Aguántenme tantito: voy a algo. Toda historia es solamente una historia, una relación de hechos más o menos probables, si no se abre hacia algo más. No hay río que no desemboque en un mar o en un lago o que no sea afluente de otro río. Pensemos en una historia cualquiera, como la historia del auge y caída del Imperio Romano o mejor aún: como la historia del taco al pastor. Esa historia puede leerse como una colección de fechas aproximadas y hechos: las primeras fogatas para cocinar que se tienen registradas hace 40 mil años, los primeros rostizados verticales de Micenas u otro lugar que fuera el centro del mundo hace cuatro mil años, el triple desarrollo del gyros en Grecia, la shawarma y el döner kebab en el imperio otomano, el fotografía más antigua conocida de un maestro dönerci (de pie como un soldado junto a su trompo, 1855), las migraciones libanesas a México en la segunda mitad del siglo XIX, la fundación de tres taquerías en Puebla: Bagdad, La Oriental y Tony hacia 1930, la sustitución de la carne de cordero por la del puerco, la migración de esos tacos a la ciudad de México, el agregado de adobo picante, la sustitución de la pita por la tortilla de maíz, la fundación de El Huequito en 1959, el agregado de piña, la fundación de El Tizoncito en 1966, la llegada del Ayatole a la Tabacalera en los setenta…

He aquí una forma de saber si un plato es importante: ese plato es cinético. Está en movimiento. Su historia es más que una lista de hechos y fechas. La shawarma/taco al pastor es un plato así. Hay fuerzas interactuando en cada plato como éste. El plato atrae –la shawarma atrae la imaginación del cocinero mexicano, que decide con toda naturalidad transformarla– pero es atraído a su vez –el cocinero poblano no quiere dejarlo ir, se aferra a él–. Hay un tiro gravitacional hacia adentro y a su vez un empuje hacia fuera. En cada plato como la shawarma/taco al pastor están las mutaciones propiciadas por la geografía y el capricho de cada cocinero individual; la fuerza de la costumbre y el azar; la pereza y el espíritu de cambio; la conformidad; la inconformidad. La fiesta del mestizaje.

Cenar en El Hayito, colonia Narvarte, es como colocarse en el centro de ese sistema de signos cambiantes. Es una mirada vertiginosa a la historia de la shawarma y el taco al pastor. Su carta puede verse como esas ilustraciones donde un primate se pone en pie, se transforma en un australopitecus, en un erectus, en un sapiens, en un sapiens sapiens.

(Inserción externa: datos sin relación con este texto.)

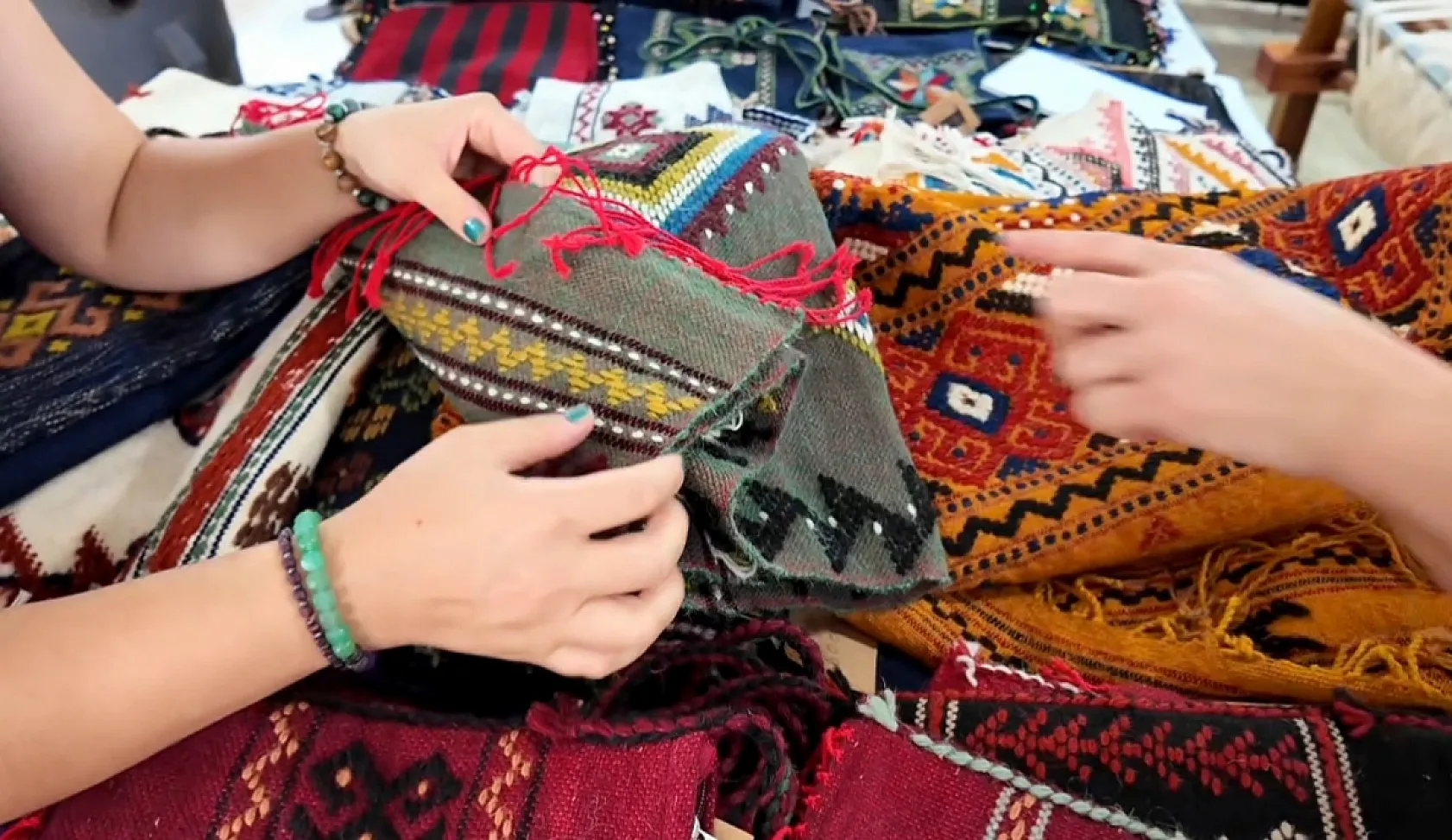 200 yıllık motifler kadınların ellerinde yeniden hayat buluyor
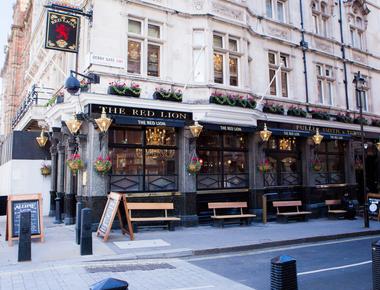 There are over 500 pubs in uk named the red lion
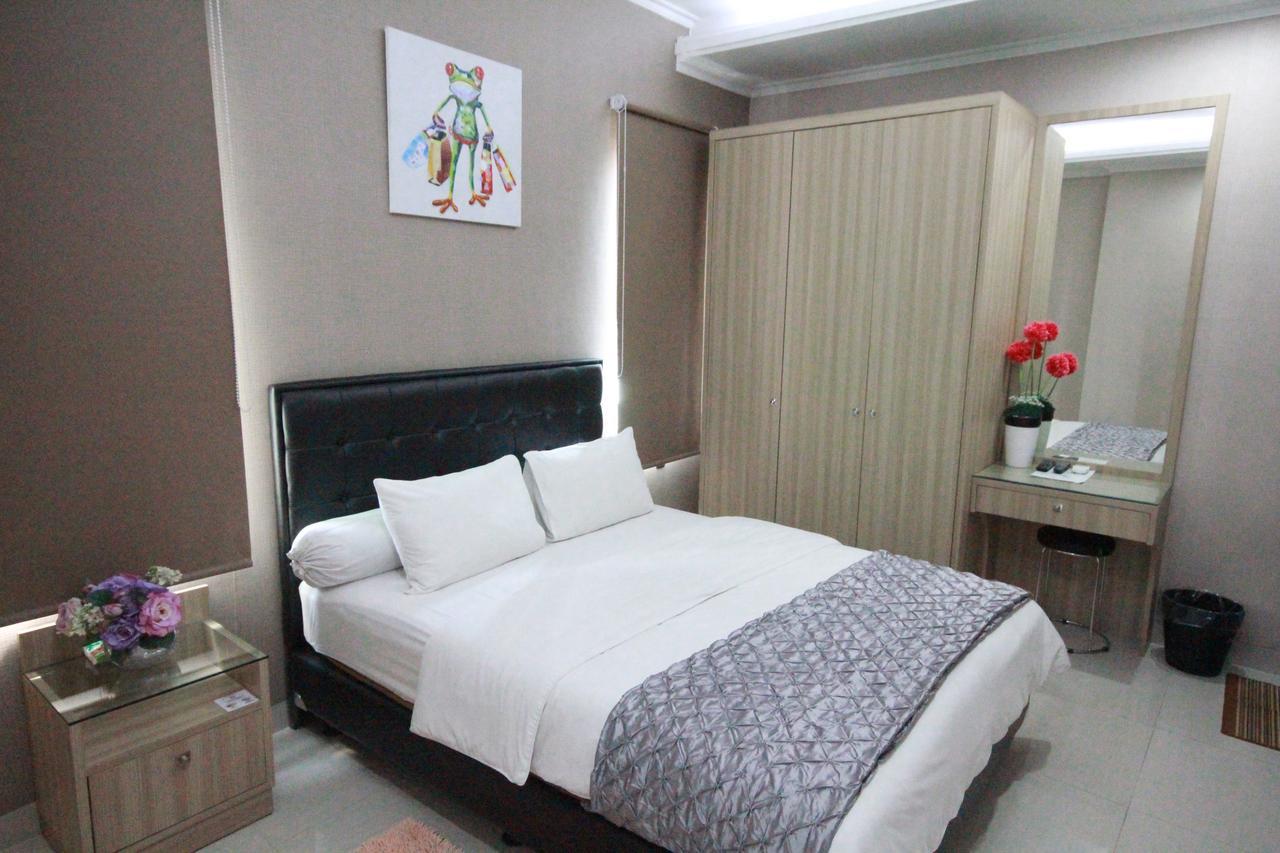 Harvia Suites Kebon Jeruk Yakarta Exterior foto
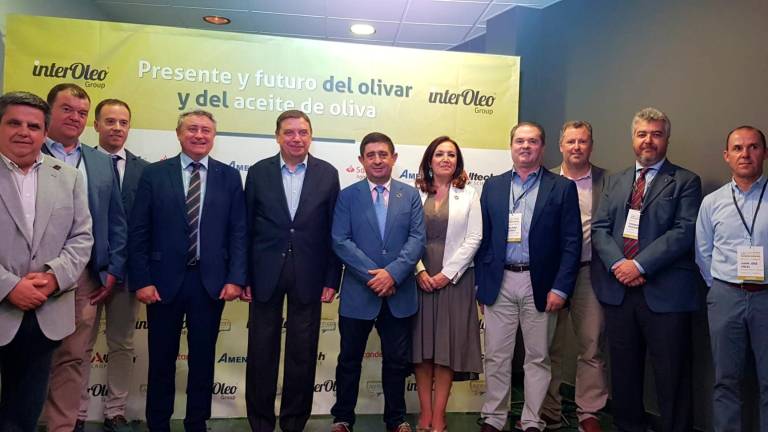 El ministro Planas no descarta revisar las peonadas del subsidio agrario por la baja previsión de la campaña oleícola El ministro Planas no descarta revisar las peonadas del subsidio agrario por la baja previsión de la campaña oleícola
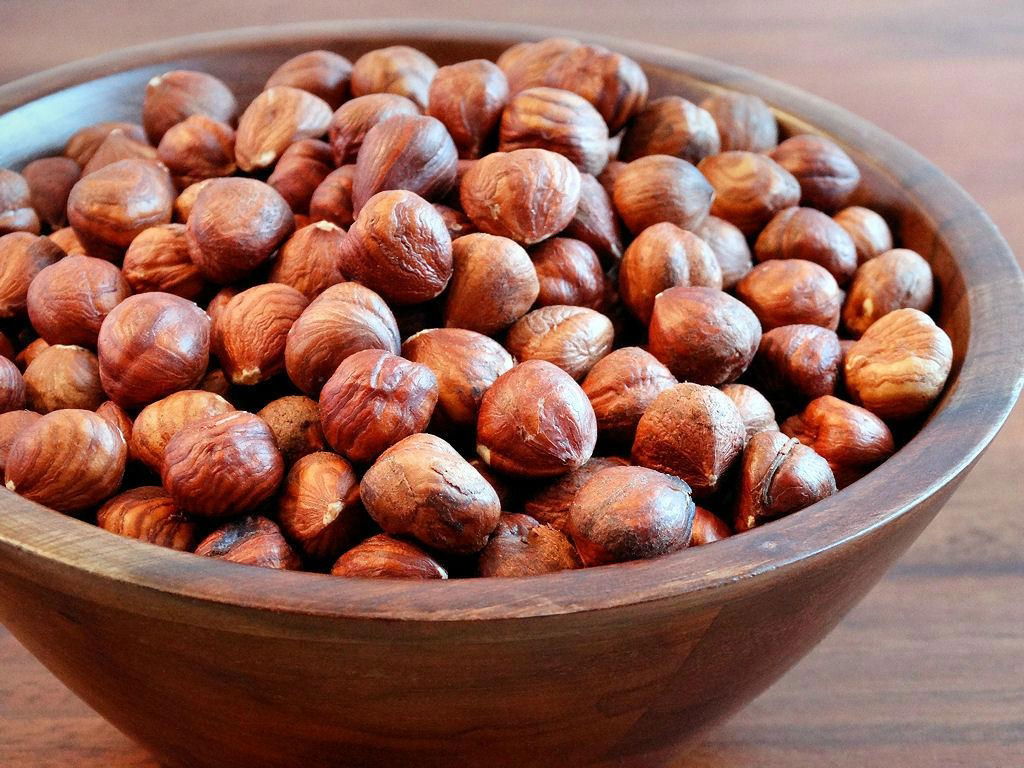 Organic Hazelnuts with High Quality! EU Certified!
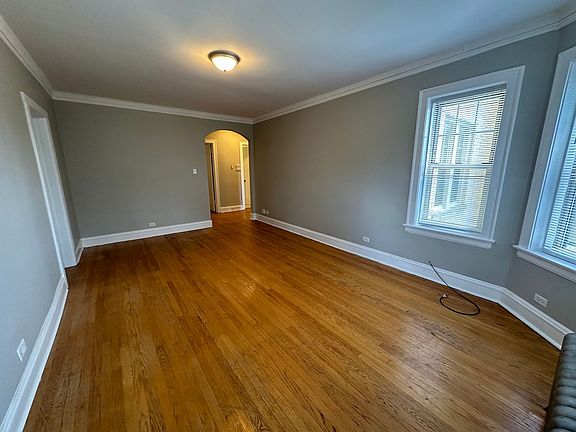 4th image of 6203-05 N Claremont Ave #62033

Hay un casi prototaco árabe (la pita es parte harina, parte aire, parte tizne), hay un taco árabe en proceso de transformación (servido en tortilla de harina), hay un prototaco al pastor, llamado aquí ‘oriental’, ya servido en tortilla de maíz. El Hayito es vertiginoso porque el movimiento se puede sentir en las manos: uno sabe que su ‘taco oriental’ tiende a taco al pastor, que hay fuerzas luchando porque se convierta en taco al pastor, se resiste pero cada mordida lo acerca más; a su alrededor las cosas han cambiado –se sirven cebollitas asadas con maggi, cosa ya de la segunda mitad del siglo XX– pero él aún no da el siguiente paso evolutivo, no se convierte en taco sapiens sapiens; está tenso, tensísimo, resistiendo la gravedad y el empuje. Es un taco giratorio. No es un taco de museo, pero es un taco histórico. La próxima vez que estén en El Hayito piensen en eso unos segundos antes de hincarle la mordida.

El Hayito. Vértiz esquina Universidad, Narvarte; T. 7095 9727. Precios. La última vez que estuve ahí pedí un taco árabe con queso, un tabule, un jocoque, unas cebollitas, un agua de jamaica y una michelada; pagué 195 pesos ya con el 15 de propina.